By Anthony Serafino
Holt Journal staff writer
For the 2013-2014 academic year, Holt public schools are implementing a pay-to-participate program for school students wishing to play sports. The program would affect students from seventh grade to twelfth grade. Students in grades seven to eight will be charged $100 per sport, and students in grades nine to twelve will be charged $150. A total family cap of $300 is available for families who have their children playing different sports in the same season.
Due to a $3 million reduction in state funding, the program would allow the athletic department to operate more efficiently according to Holt High School athletic director, Rick Schmidt.
“We believe that the budget will be more stable with the changes, and can ensure that all of our students will have an equal opportunity to play competitive sports,” Schmidt said.
When asked how parents received the new program, Schmidt remained very confident that residents would be accepting.
“There haven’t been too many complaints, if any. Again, with budgets being the way they are people were accepting. They also were used to paying for the kids sports outside of the school team (AAU, clubs, youth teams, etc.),” Schmidt said.
Boys varsity tennis Coach Russ Olcheske echoed the same confidence as Schmidt.
“The students don’t seem to be bothered by it too much. For the most part, parents pay the fee. In some cases, the kid has to pay, and we might lose a few kids for this reason,” Olcheske said.

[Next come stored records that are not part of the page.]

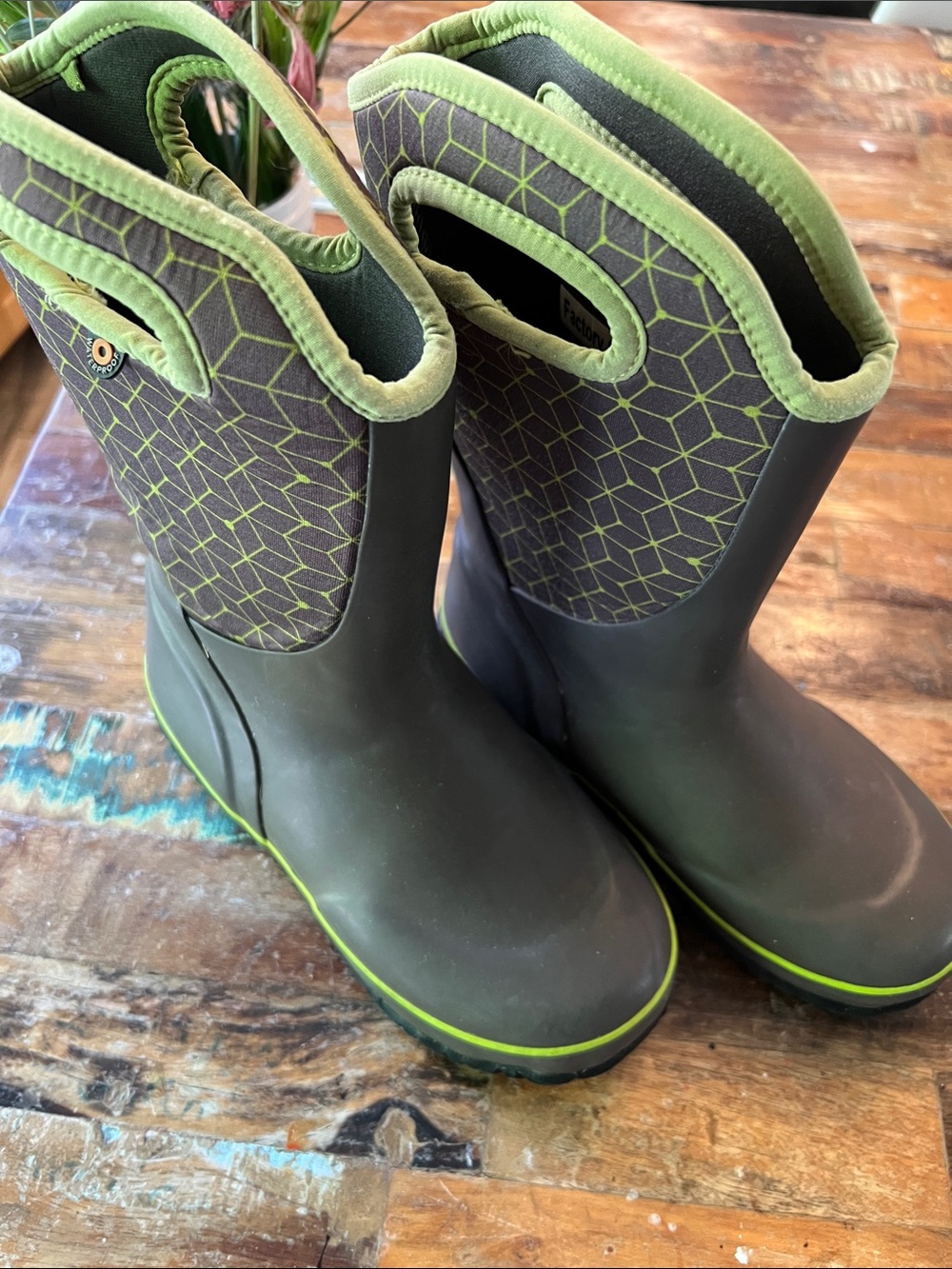 Bogs Classic Green and Grey Insulated Waterproof Boots Factory Seconds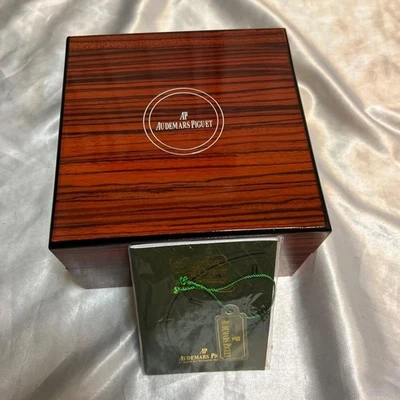 Audemars Piguet caja de reloj caja vacía m39155730779HA Usado Foto 1 de 4
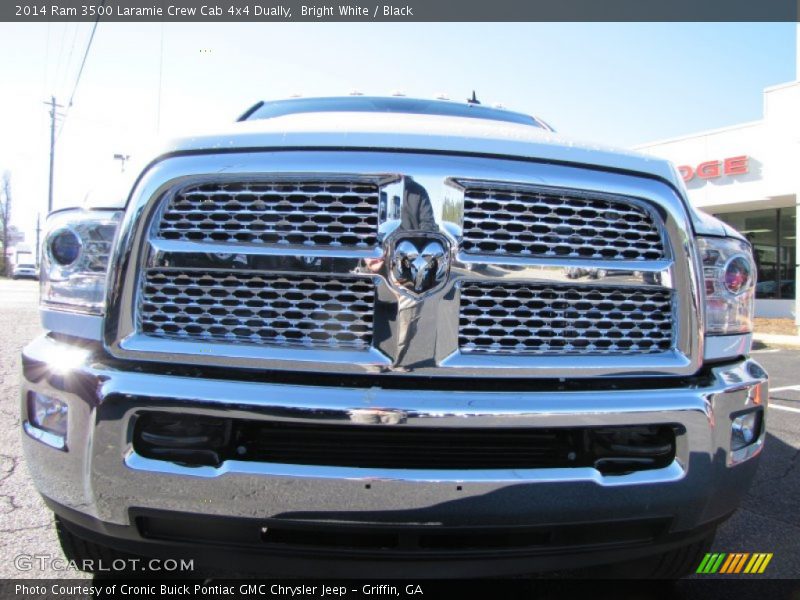 Bright White / Black 2014 Ram 3500 Laramie Crew Cab 4x4 Dually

Olcheske said he believes the community has handled it well, as Holt public schools was one of the last school districts in the area to implement a pay-to-participate policy.

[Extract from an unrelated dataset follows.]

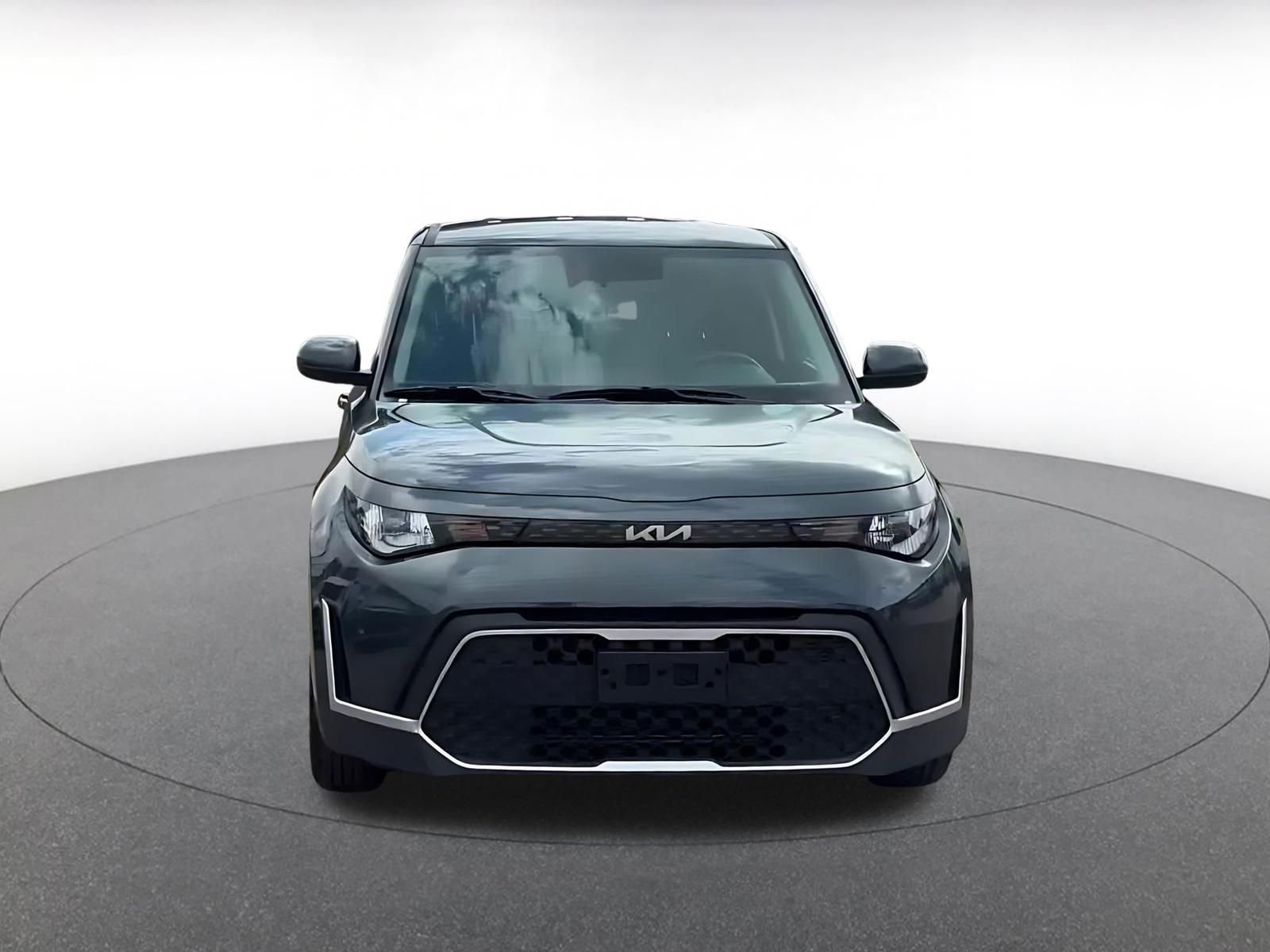 Used 2025 Kia Soul LX w/ LX Technology Package image 4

“As far as I know, Lansing is the only school district that does not charge. Our fees are still below many of our neighboring districts. I also think parents realize that kids benefit in many areas by playing high school sports, and that being asked to fund part of that experience is a fair tradeoff.” —Russ Olcheske
Current Holt varsity tennis player Robert Lemond said many students were not concerned about fees because the school decided to cut other things such as transportation.
“Parents had to drive us to events instead of the bus. I believe there was a thing for students who were less fortunate like scholarship thing but mostly football players had that. Also our competitiveness was almost the same. I mean overall the fee isn’t too bad, Okemos charges their students around $350,” Lemond said.

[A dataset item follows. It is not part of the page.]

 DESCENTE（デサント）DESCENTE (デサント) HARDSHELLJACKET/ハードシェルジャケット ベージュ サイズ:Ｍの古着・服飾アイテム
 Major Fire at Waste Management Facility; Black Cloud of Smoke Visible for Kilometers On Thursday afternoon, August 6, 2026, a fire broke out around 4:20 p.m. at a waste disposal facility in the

Current Michigan State University student and former Holt varsity tennis player Zachary Ray said when he started high school there was no program in place, but knew the price would not keep a student from playing a sport because booster clubs help.
“Holt is a nice place, so I would say rarely would that price keep a player from being able to play. Most sports had booster clubs to raise money and help to cuts costs for students. I know we were one of the later schools to implant that kind of pay to play plan. I could definitely see it being a bigger problem from districts that have a poorer population. A hundred dollars is still a lot of money for families that have to live paycheck to paycheck,” Ray said.
Ray said he did not have a problem with playing to play but did not think it was completely necessary.
“Though the pricing I thought was fair for the situation, I don’t think it’s fair for a student to have to pay to play sports through their school,” he said.